[Entries taken from a collection]
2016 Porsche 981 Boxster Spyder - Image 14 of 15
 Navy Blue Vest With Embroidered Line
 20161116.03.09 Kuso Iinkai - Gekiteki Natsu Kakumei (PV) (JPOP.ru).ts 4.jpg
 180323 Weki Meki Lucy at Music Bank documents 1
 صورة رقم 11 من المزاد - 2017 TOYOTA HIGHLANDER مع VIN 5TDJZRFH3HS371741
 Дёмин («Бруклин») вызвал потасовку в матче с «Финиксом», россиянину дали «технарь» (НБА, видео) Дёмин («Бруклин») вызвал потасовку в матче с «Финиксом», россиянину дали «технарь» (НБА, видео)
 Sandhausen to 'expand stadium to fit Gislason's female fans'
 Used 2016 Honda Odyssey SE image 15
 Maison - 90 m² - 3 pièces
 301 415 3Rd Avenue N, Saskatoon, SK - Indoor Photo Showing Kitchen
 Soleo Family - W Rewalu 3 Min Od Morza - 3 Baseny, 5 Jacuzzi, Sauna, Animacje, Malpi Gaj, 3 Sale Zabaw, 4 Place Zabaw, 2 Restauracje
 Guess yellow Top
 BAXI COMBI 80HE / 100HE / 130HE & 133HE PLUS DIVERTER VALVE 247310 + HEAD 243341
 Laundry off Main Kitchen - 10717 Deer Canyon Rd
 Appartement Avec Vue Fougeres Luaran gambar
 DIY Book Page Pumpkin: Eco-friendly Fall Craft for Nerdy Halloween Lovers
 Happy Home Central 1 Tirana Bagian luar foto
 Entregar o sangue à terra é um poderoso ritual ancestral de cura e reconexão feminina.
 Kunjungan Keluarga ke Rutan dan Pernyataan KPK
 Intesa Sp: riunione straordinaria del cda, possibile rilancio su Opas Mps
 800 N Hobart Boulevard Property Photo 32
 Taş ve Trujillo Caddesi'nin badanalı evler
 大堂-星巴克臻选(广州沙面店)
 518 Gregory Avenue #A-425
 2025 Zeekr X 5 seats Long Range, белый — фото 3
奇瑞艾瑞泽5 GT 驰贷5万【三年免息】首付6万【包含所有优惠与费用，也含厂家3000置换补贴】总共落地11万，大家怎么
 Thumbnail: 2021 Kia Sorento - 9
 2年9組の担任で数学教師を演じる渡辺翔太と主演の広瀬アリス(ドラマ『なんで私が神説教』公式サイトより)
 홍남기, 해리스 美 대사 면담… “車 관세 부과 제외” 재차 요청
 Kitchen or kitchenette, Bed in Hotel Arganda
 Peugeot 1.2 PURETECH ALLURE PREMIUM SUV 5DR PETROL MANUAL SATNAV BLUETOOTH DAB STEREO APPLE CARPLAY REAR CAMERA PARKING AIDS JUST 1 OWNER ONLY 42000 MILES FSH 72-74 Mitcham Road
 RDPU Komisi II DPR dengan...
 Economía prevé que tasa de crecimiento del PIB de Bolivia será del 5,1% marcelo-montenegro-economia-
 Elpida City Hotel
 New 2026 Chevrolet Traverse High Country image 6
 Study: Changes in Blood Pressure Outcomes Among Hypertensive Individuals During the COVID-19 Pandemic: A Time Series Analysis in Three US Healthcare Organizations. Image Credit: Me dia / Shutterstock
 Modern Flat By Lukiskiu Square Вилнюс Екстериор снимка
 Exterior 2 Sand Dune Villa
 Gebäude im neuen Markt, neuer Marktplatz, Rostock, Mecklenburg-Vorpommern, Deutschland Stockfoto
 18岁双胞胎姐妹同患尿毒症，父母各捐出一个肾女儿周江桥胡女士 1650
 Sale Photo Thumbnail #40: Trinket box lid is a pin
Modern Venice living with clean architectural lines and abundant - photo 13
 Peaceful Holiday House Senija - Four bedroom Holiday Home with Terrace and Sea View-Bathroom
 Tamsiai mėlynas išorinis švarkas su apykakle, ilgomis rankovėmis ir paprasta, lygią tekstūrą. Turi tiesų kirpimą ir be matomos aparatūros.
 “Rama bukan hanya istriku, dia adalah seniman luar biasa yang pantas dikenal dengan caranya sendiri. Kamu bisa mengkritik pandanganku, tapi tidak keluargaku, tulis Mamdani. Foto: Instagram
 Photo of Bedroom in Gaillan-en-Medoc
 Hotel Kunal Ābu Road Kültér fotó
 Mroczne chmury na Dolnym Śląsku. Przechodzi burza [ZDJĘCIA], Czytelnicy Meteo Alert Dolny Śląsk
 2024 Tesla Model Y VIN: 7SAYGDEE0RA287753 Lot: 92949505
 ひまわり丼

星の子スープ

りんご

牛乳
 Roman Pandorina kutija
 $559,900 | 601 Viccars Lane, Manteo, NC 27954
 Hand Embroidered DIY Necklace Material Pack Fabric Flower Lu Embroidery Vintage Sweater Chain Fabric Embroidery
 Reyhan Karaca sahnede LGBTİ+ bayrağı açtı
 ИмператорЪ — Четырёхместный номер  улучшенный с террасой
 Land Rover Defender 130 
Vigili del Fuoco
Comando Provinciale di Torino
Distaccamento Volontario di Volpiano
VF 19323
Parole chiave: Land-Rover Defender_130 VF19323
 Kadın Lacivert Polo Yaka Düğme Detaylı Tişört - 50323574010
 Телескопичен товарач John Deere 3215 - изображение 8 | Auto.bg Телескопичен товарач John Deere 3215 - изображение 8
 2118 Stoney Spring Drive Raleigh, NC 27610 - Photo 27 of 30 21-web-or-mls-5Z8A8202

▶ **TASK TO COMPLETE**
Each line from the one with "Photo of Bedroom in Gaillan-en-Medoc" through the last line of the records must be written out word for word. Include nothing else.

▶ **ANSWER**
 Photo of Bedroom in Gaillan-en-Medoc
 Hotel Kunal Ābu Road Kültér fotó
 Mroczne chmury na Dolnym Śląsku. Przechodzi burza [ZDJĘCIA], Czytelnicy Meteo Alert Dolny Śląsk
 2024 Tesla Model Y VIN: 7SAYGDEE0RA287753 Lot: 92949505
 ひまわり丼

星の子スープ

りんご

牛乳
 Roman Pandorina kutija
 $559,900 | 601 Viccars Lane, Manteo, NC 27954
 Hand Embroidered DIY Necklace Material Pack Fabric Flower Lu Embroidery Vintage Sweater Chain Fabric Embroidery
 Reyhan Karaca sahnede LGBTİ+ bayrağı açtı
 ИмператорЪ — Четырёхместный номер  улучшенный с террасой
 Land Rover Defender 130 
Vigili del Fuoco
Comando Provinciale di Torino
Distaccamento Volontario di Volpiano
VF 19323
Parole chiave: Land-Rover Defender_130 VF19323
 Kadın Lacivert Polo Yaka Düğme Detaylı Tişört - 50323574010
 Телескопичен товарач John Deere 3215 - изображение 8 | Auto.bg Телескопичен товарач John Deere 3215 - изображение 8
 2118 Stoney Spring Drive Raleigh, NC 27610 - Photo 27 of 30 21-web-or-mls-5Z8A8202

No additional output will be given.